# regular-expression

::: info Prerequisite Knowledge

Before reading this article, you need to study:

* [Core Framework of Dynamic Programming](https://labuladong.online/en/algo/essential-technique/dynamic-programming-framework/)
* [Classic Dynamic Programming: Edit Distance](https://labuladong.online/en/algo/dynamic-programming/edit-distance/)

:::

Regular expressions are a very powerful tool. In this article, we will look at the basic idea behind regular expressions. LeetCode problem 10: [Regular Expression Matching](https://leetcode.com/problems/regular-expression-matching/) asks us to implement a simple regular matching algorithm, including the "." wildcard and the "\*" wildcard.

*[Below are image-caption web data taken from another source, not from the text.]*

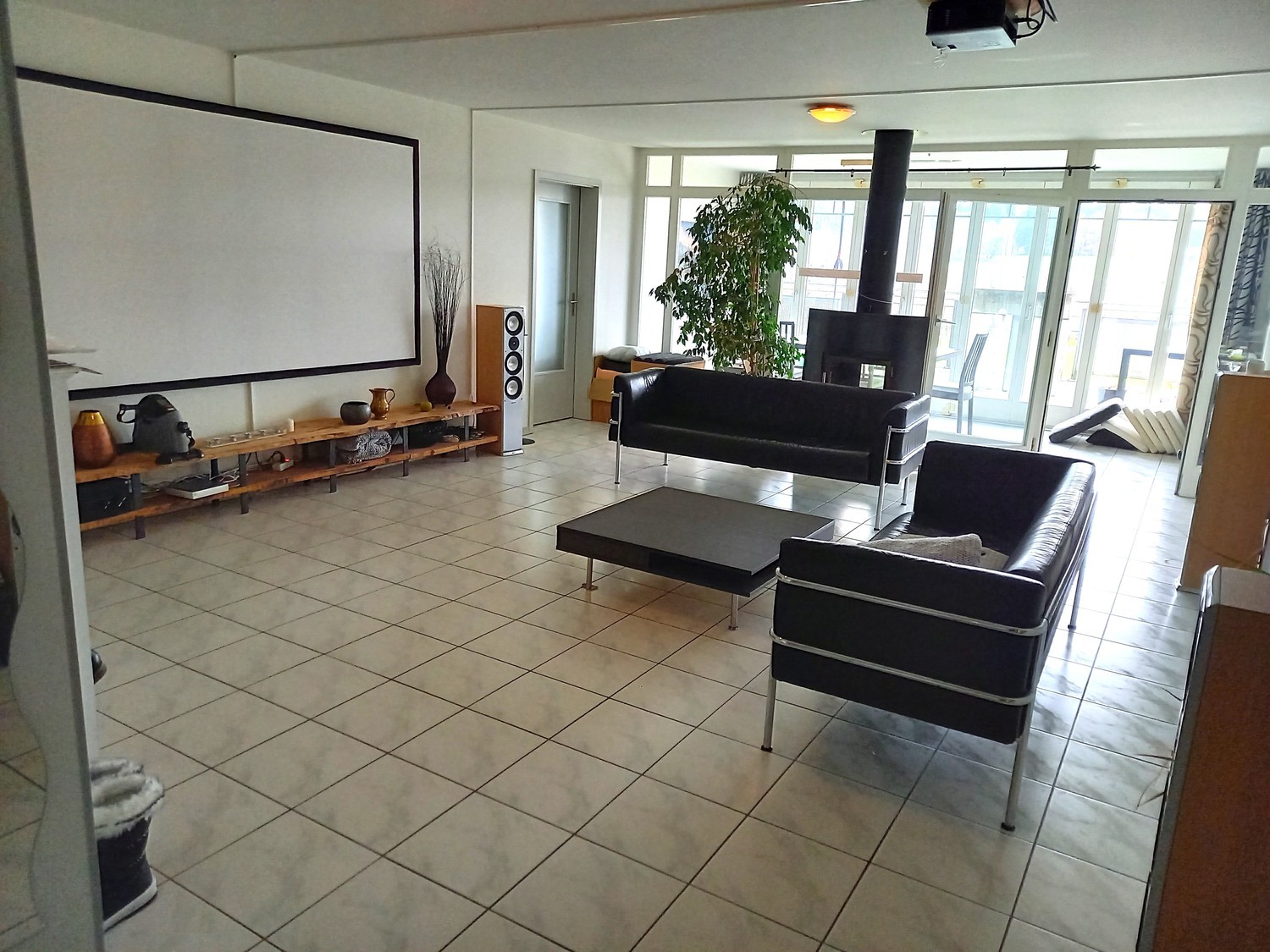 Chambre en colocation, photo 1 sur 5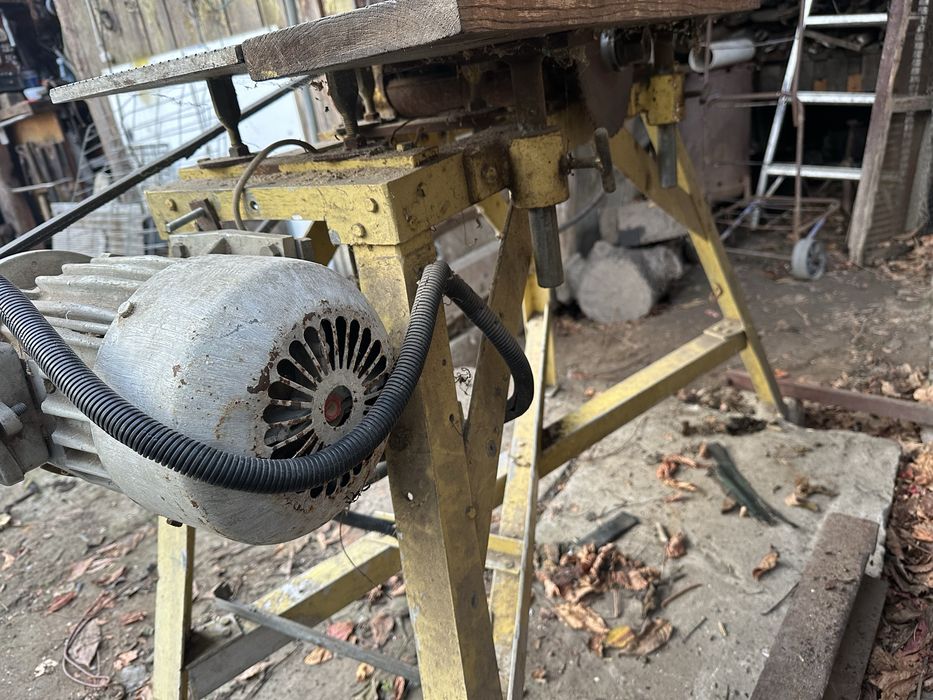 Пилораму с мотором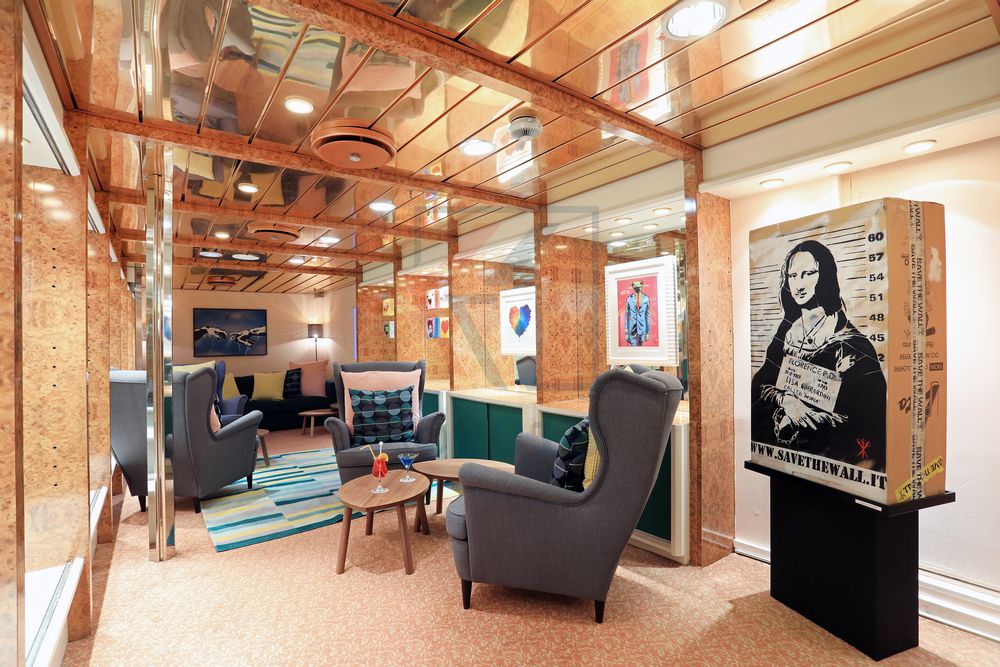 Bücherei mit Kunst von Pierpaolo Parretta Mr. Savethewall auf MS Ocean Majesty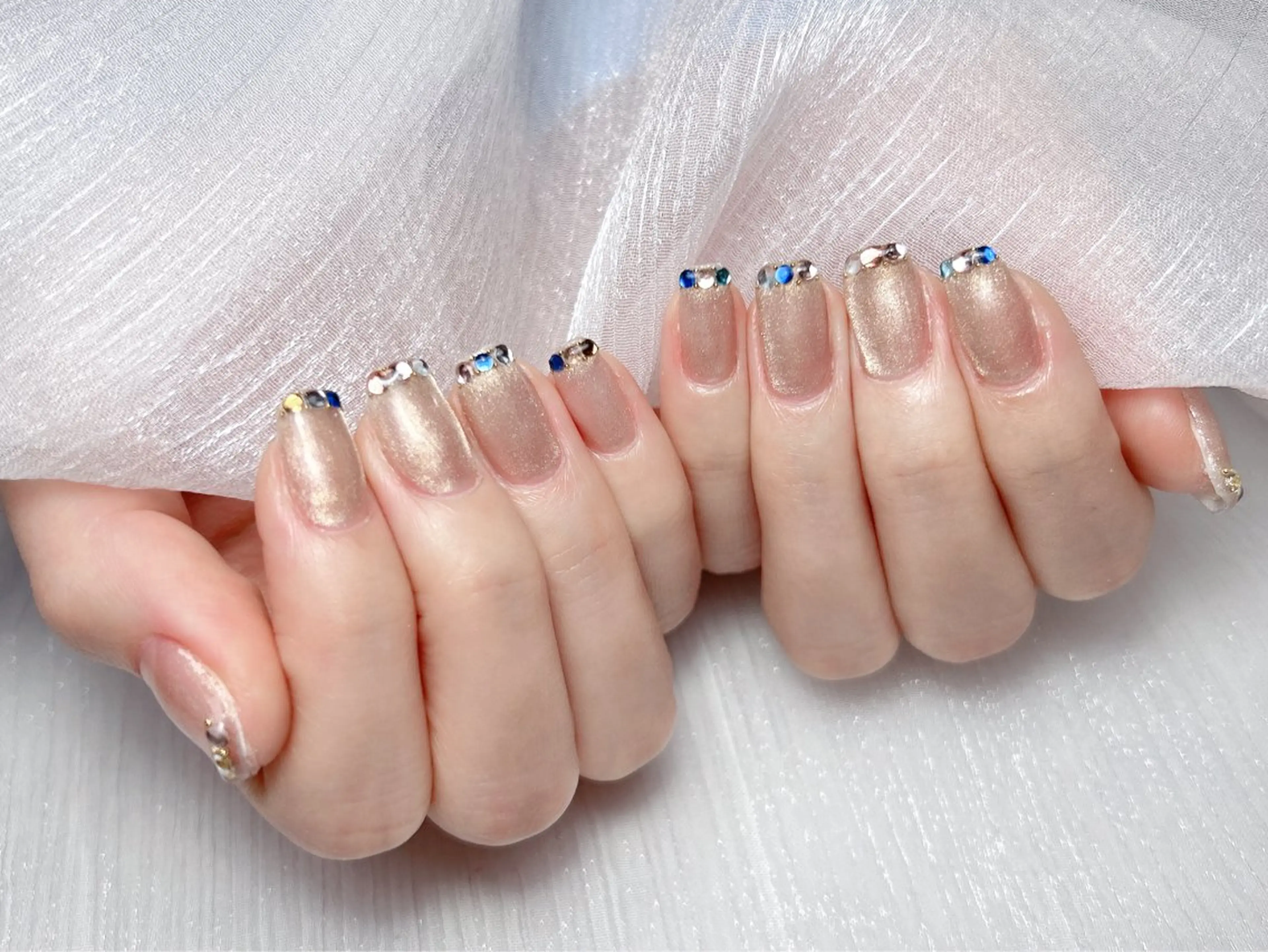 ネイル ハンドネイル オーラ ネイルサロンのネイルデザイン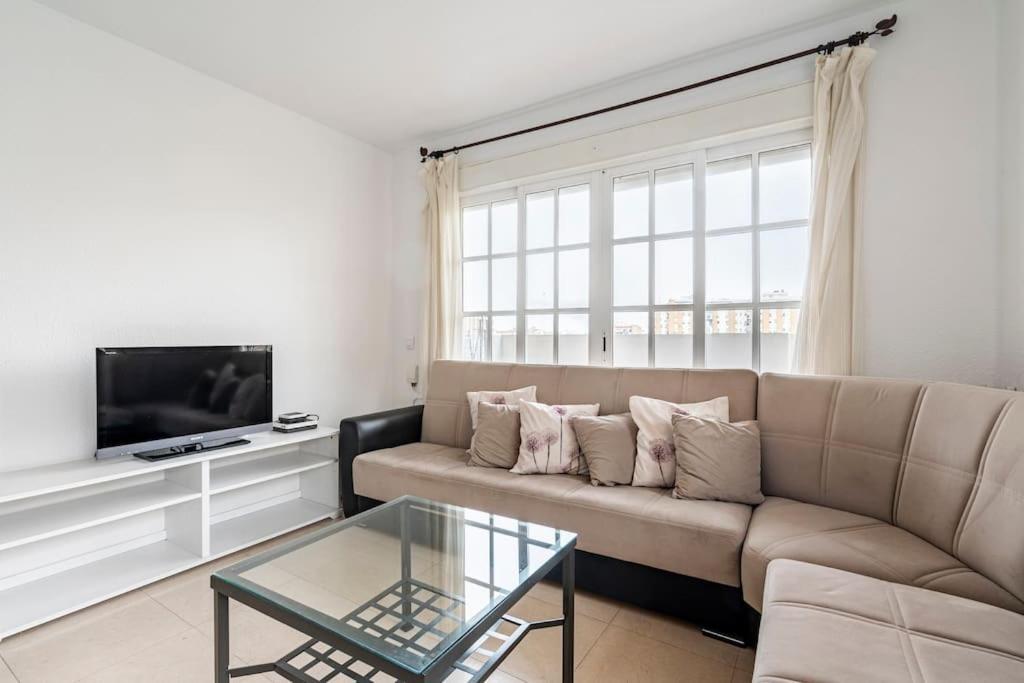 Centric And Spacious Flat With Free Car Park Appartement *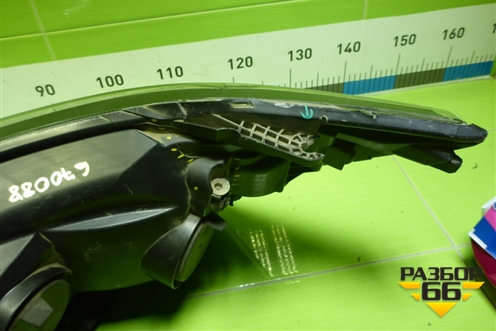 Фара правая (галоген) (GK3113W029BB) для Ford Transit с 2014г (Транзит)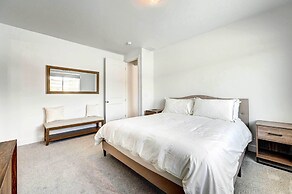 12 Mi to Dtwn Flagstaff: Spacious Bellemont Home!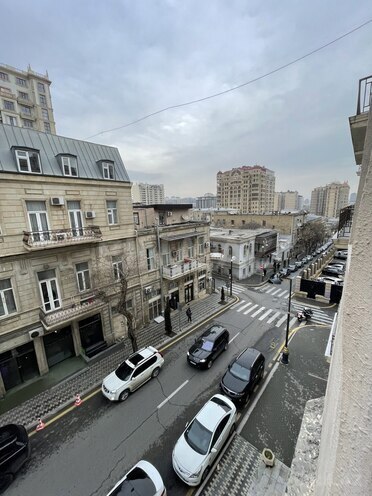 Satılır 3 otaqlı köhnə tikili 70 m², İçəri Şəhər m., photo 17 from 19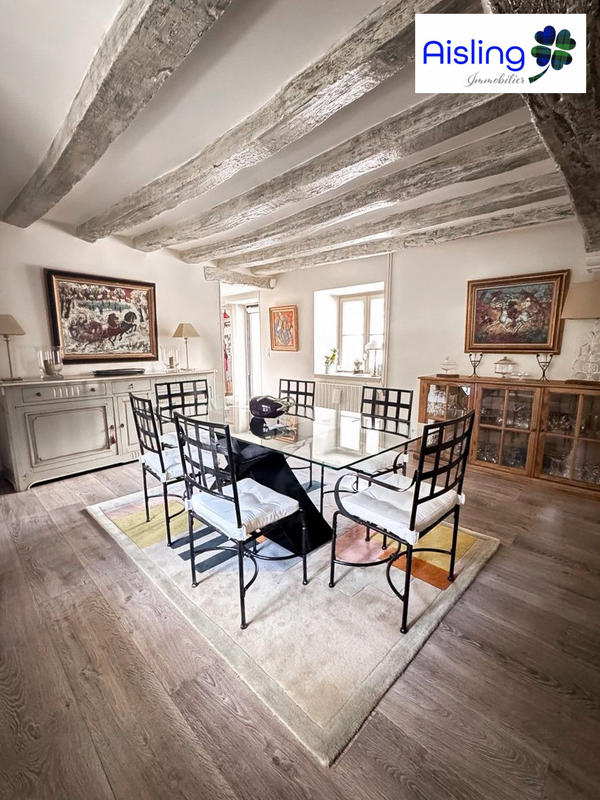 Maison ancienne - 210 m² - 7 pièces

These two wildcards are used most often. The dot "." can match any single character. The star "\*" means the character before it can repeat any number of times (including 0 times).

For example, the pattern `".a*b"` can match the text `"zaaab"` or `"cb"`. The pattern `"a..b"` matches `"amnb"`. The pattern `".*"` can match any text.

The problem gives us two strings `s` and `p`. `s` is the text, and `p` is the pattern. You need to check if the pattern `p` can match the text `s`. You can assume the pattern only contains lowercase letters and the two wildcards above. The pattern will always be valid; there won't be cases like `*a` or `b**`.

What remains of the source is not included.